• Crawled caption data:
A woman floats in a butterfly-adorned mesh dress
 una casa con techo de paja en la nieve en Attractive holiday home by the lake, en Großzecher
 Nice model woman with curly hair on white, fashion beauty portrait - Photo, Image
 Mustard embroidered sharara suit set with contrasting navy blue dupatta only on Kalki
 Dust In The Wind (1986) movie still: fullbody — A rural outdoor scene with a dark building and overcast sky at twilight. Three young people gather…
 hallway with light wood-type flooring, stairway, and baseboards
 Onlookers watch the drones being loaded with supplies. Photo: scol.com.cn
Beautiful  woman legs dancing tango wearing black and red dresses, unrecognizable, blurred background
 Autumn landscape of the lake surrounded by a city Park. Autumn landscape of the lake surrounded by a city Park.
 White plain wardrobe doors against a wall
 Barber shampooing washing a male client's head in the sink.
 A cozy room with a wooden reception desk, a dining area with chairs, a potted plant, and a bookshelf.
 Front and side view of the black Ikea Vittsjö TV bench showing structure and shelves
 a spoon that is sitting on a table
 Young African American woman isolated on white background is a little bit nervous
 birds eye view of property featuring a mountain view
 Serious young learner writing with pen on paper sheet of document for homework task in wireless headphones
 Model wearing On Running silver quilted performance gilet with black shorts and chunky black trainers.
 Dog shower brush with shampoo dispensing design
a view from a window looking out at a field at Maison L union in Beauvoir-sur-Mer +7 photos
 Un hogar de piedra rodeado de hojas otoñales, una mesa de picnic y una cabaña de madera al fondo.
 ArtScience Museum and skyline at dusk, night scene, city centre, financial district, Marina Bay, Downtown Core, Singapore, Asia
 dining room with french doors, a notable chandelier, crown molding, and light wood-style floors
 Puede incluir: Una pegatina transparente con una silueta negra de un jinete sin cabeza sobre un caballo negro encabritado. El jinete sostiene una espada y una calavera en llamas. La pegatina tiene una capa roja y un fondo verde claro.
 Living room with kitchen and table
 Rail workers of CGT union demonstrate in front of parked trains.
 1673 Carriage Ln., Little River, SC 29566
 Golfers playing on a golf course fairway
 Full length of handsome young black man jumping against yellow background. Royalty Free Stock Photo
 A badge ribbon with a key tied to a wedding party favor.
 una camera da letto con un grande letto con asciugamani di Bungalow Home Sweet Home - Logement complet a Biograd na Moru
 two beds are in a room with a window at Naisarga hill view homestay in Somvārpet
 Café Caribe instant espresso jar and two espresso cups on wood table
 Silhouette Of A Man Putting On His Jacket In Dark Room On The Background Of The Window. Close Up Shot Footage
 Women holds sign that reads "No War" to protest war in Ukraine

• DESCRIPTION OF THE TASK:
Above are the lines; repeat exactly the ones from the line containing "Dog shower brush" down to the line containing "Un hogar de", both inclusive.

• ANSWER FOR THE TASK:
 Dog shower brush with shampoo dispensing design
a view from a window looking out at a field at Maison L union in Beauvoir-sur-Mer +7 photos
 Un hogar de piedra rodeado de hojas otoñales, una mesa de picnic y una cabaña de madera al fondo.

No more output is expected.